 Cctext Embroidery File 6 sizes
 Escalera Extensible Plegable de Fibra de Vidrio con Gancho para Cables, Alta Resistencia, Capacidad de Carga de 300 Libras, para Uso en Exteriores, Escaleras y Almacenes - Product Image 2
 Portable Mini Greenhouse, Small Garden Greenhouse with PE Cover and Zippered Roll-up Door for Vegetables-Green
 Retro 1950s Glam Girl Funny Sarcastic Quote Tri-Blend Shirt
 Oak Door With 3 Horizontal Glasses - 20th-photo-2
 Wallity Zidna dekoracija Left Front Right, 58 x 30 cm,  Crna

==================================================

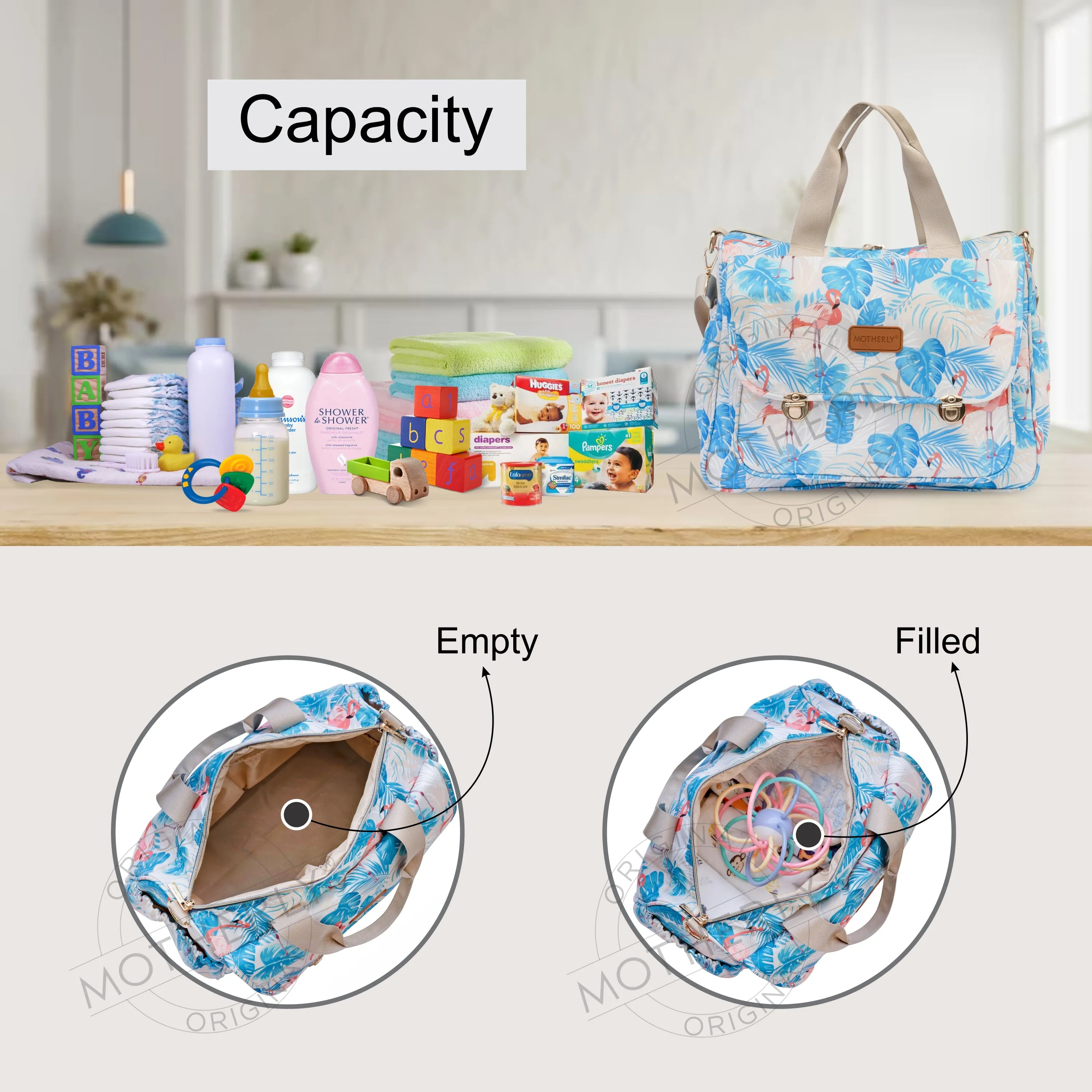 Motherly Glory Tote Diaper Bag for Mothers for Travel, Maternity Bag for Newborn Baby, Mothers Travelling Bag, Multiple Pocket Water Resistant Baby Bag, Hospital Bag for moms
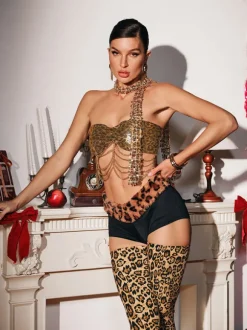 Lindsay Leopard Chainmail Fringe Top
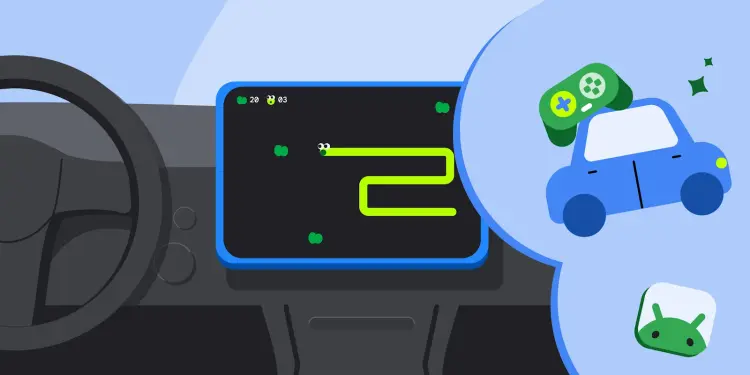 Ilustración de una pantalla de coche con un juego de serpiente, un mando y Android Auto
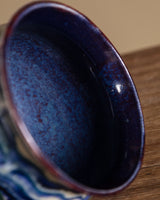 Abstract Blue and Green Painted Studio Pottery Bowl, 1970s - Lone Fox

==================================================

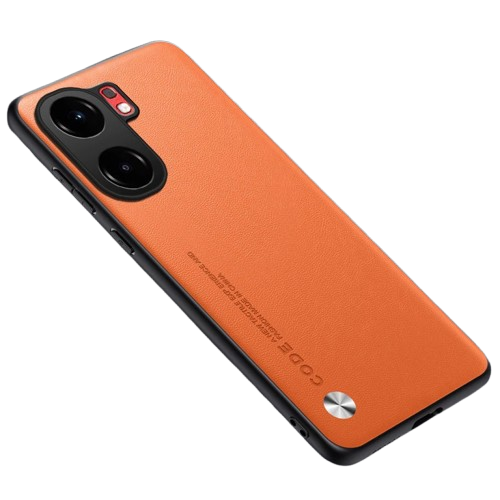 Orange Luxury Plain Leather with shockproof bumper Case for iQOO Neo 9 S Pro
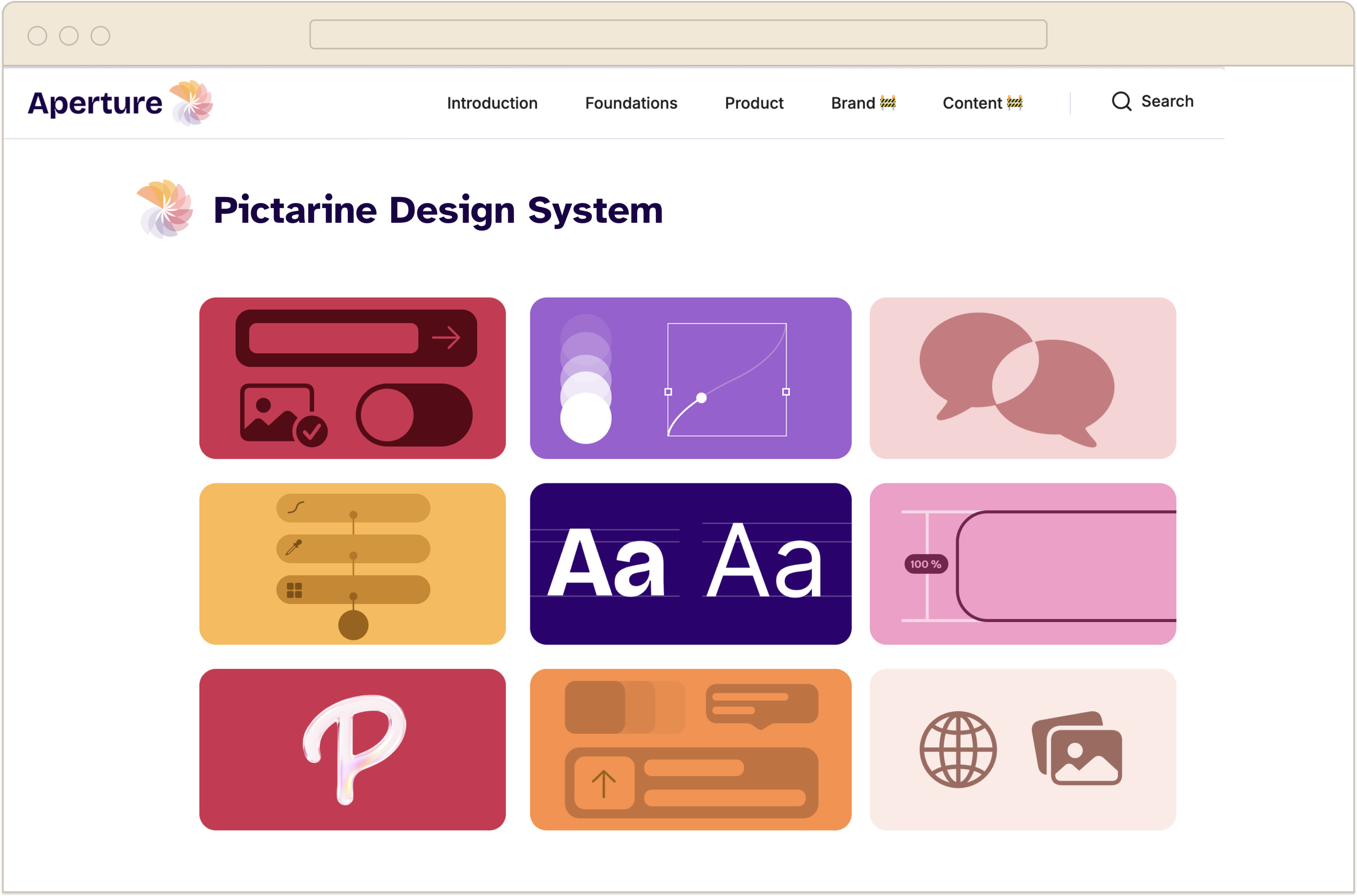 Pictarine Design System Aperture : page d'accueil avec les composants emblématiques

==================================================

(Task description):
Go through the material above and return each line that holds the word "Door".

(Exercise response):
 Portable Mini Greenhouse, Small Garden Greenhouse with PE Cover and Zippered Roll-up Door for Vegetables-Green
 Oak Door With 3 Horizontal Glasses - 20th-photo-2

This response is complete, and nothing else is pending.